Box Score Line of the Week
Minnesota's P.J. Walters had a terrible start on June 22 against the Indians despite allowing only one hit (2/3 IP, 1 H, 6 R, 6 ER, 5 BB, 0 K), while Tampa Bay's Alex Colome didn't fare well in his start against the Yankees on the same day, either, despite keeping his ERA at 0.00 (4 1/3 IP, 5 H, 3 R, 0 ER, 5 BB, 3 K). And then there was San Diego's Clayton Richard, who lasted just two pitches in his start on Friday against the Dodgers before walking off the mound with an injury. Doug Kern of ESPN Research points out that because the count was only 1-1 when Richard left, reliever Tim Stauffer was credited with the at-bat. So Richard officially faced zero batters (0 IP, 0 H, 0 R, 0 ER, 0 BB, 0 K, 0 batters). He's the first starter to be charged with zero batters since 1949.
But this week's award goes to Oregon State's Matt Boyd, who had a slightly more impressive start last week when he threw the first 1-0 shutout at the College World Series in 28 years. His line:
9 IP, 4 H, 0 R, 0 ER, 3 BB, 11 K
Apparently, the recent restrictions on non-wood bats in college ball are having an effect. There were only three home runs hit the entire CWS, the fewest since the introduction of metal bats in 1974.

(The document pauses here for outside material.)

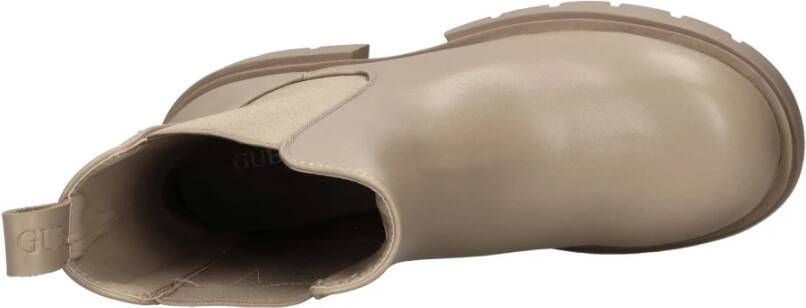 Guess Laarzen Beige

Yeah, Well, That's Like, That's Just Your Opinion, Man
The Next Movie In The Series Will Be Titled "Before The Mariners Reach The World Series." "Before Midnight" is not the answer to the trivia question: "When will the Yankees-Red Sox game finally be over?" Rather, it is the antidote to the plague of the usual summer movie blockbusters. The new movie is the third in a series that began with 1995's "Before Sunrise," in which two twentysomething students, Jesse (Ethan Hawke) and Celine (Julie Delpy), meet on a train. They get off in Vienna and fall in love as they aimlessly wander the city -- they walk more in one night than Tony La Russa did in a career of visits to the mound. Nine years later came 2004's "Before Sunset," in which the two reconnected in Paris when they were in their 30s. In "Before Midnight," Jesse and Celine are still together and showing their age more than Jamie Moyer. But they are still walking, talking (and arguing) in a lush European locale (Greece's southern Peloponnese). If you want car chases, superheroes, guns and explosions, this is definitely not the movie for you. But if you appreciate great acting and provocative dialogue about life and relationships, and enjoy the presence of two friends we've come to know and love, then get to the theater. Because it will be nine long years before the next installment in 2022, when Jesse and Celine are 50 years old and discussing whether Bud Selig is ever going to rule on the Athletics' desire to move to San Jose.
CSI: Box Score Answer
Cubs fans undoubtedly got this one right away. The big clues were (A) the seven runs San Diego scored in its victory, (B) the mid-80s era names of the players (Sutcliffe, Gwynn, Sandberg, Dernier, etc.) and, of course, (C) that error for Durham. Yes, sadly for Cubs fans, this was Game 5 of the 1984 NLCS (back when it was a best-of-five) when the Cubs blew a two-game lead in the series, then blew a 3-0 lead in the deciding game, with the most painful blow coming when first baseman Leon Durham let a ball bounce between his legs for a crucial error in the decisive seventh inning.
Sorry to bring up the bad memories, Cubs fans.